The best path to ensure reps are adding a degree of focus to software/solutions is to make it a part of their quota and the president’s club trip incentive. For Frontier Business Products of Aurora, Colorado, it also involved a transition in the sales process that allowed for solutions to take front and center in client/prospect engagements, according to Scott Schnabel, chief operating officer. Constant support from a solutions specialist who provides ongoing and relevant training can help reinforce the dealer’s goals.
“Comp programs and quotas definitely dictate behavior,” Schnabel said. “When a trip to Honolulu is on the line and the rep is getting close [to qualifying], there seems to be a tremendous focus on some of those [solutions] buckets. They want to achieve that network services or software number. It will drive the behavior for those who are close.”
Setting Foundation
When a dealer employs a collaborative sales process that involves subject-matter experts for every discipline (solutions, MPS, production, etc.), accounts executives are more comfortable than ever in introducing solutions to client discussions, notes Justin Drabouski, director of managed services for Fraser Advanced Information Systems of West Reading, Pennsylvania.

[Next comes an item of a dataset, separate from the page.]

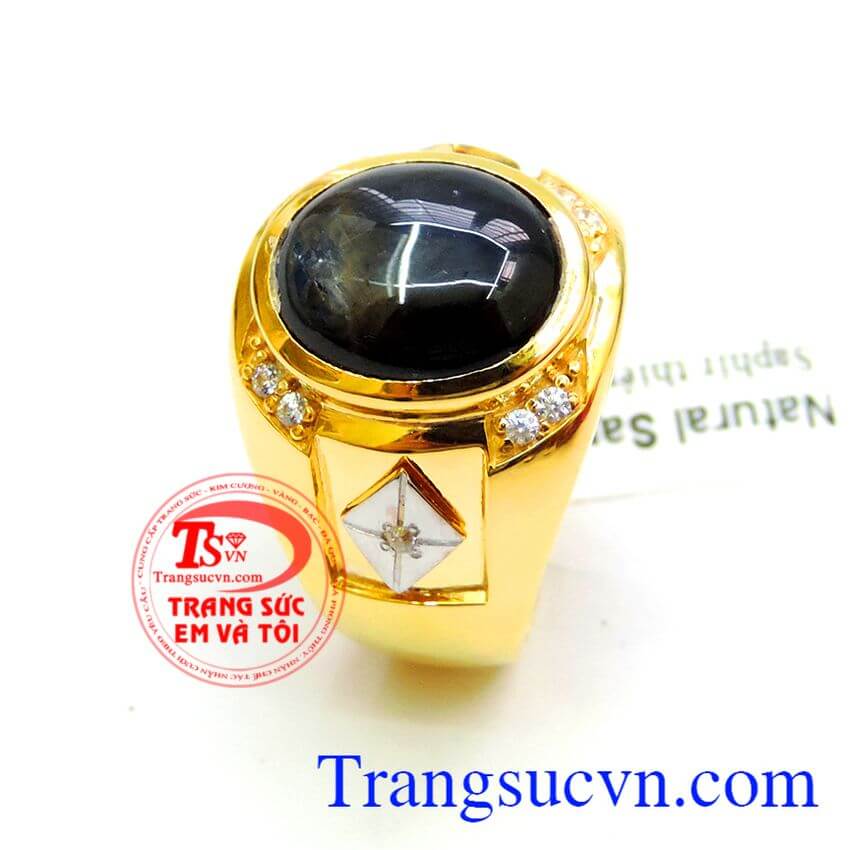 Nhẫn sapphire Mệnh Thủy Tài Lộc, nhẫn nam đẹp, nhẫn vàng cho nam may mắn Nhẫn sapphire Mệnh Thủy Tài Lộc, nhẫn nam đẹp, nhẫn vàng cho nam may mắn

Its leadership team maintains that the way to create stickiness with customers is to be a valued partner that solves challenges as opposed to merely a copier leaser.
“With the implementation of our project management group, solutions implementation and service have become standard procedures,” Drabouski said. “Most dealers in our area don’t have the capabilities of our project management team that walks clients through projects every step of the way. This has truly redefined our processes with installations and the client experience.”